One year after the credit crunch first began to bite, the real-world pain is far worse than anyone predicted. True, a few doomy souls did warn that the credit markets could seize up indefinitely, that United States home prices could slump, and that some financial institutions would be in danger of going belly-up.
And sure enough 12 months on, corporate credit spreads remain wide enough to drive a truck through despite a series of emergency interest rate cuts, US house prices have plunged 18 per cent and the world's banks have been forced to write off some US$300 billion worth of subprime debt.
But what no one foresaw was just how much the credit crunch would hurt, combined with the doubling of oil prices between last August and early last month (see the first chart), which has helped ignite the highest inflation in years and slammed the brakes on global growth.

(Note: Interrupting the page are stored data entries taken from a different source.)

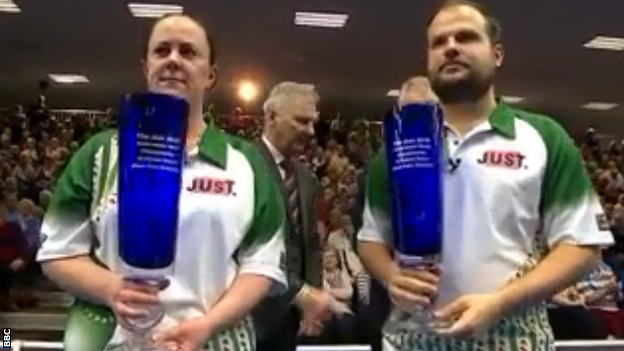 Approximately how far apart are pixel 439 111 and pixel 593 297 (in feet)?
11.3

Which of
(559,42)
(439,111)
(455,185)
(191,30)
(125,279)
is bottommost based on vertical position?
(125,279)

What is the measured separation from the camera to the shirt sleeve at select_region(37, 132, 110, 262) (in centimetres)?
177

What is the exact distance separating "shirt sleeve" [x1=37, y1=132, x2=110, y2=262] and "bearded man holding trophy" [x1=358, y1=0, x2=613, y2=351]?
1.72 feet

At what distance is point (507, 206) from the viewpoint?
70.6 inches

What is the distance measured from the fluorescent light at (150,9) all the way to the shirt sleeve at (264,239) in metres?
6.08

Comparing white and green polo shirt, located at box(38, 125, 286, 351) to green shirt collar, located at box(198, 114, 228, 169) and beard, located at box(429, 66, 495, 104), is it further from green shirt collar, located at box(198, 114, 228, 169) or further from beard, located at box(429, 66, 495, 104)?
beard, located at box(429, 66, 495, 104)

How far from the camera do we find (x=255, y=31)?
8734 millimetres

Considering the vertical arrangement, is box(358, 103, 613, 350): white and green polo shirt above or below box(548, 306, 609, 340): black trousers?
above

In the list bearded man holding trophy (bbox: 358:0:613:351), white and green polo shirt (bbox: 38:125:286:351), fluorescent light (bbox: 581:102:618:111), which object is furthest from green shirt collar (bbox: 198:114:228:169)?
fluorescent light (bbox: 581:102:618:111)

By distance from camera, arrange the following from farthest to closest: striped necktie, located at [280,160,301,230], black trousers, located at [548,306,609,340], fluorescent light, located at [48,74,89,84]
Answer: fluorescent light, located at [48,74,89,84] < black trousers, located at [548,306,609,340] < striped necktie, located at [280,160,301,230]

Now an increasing number of critics are arguing that at least some of the pain could have been avoided. They contend that far from helping the global economy ride out the credit crunch, the US Federal Reserve's 3.25 percentage point reduction in interest rates between last August and April this year inflated a bubble in commodity markets that drove up costs for both consumers and businesses and helped push economies to the brink of recession.
The trouble was that the funding squeeze that began last summer, started not so much because of a shortage of liquidity but because of banks' reluctance to lend amid a crisis of confidence about credit quality.
As a result, cutting interest rates did little to alleviate the financial crisis but it did make it cheaper for speculative investors to pump a flood of liquidity into the commodities markets through futures and over-the-counter derivatives (see the second chart), pushing forward energy prices sharply higher than the spot market price.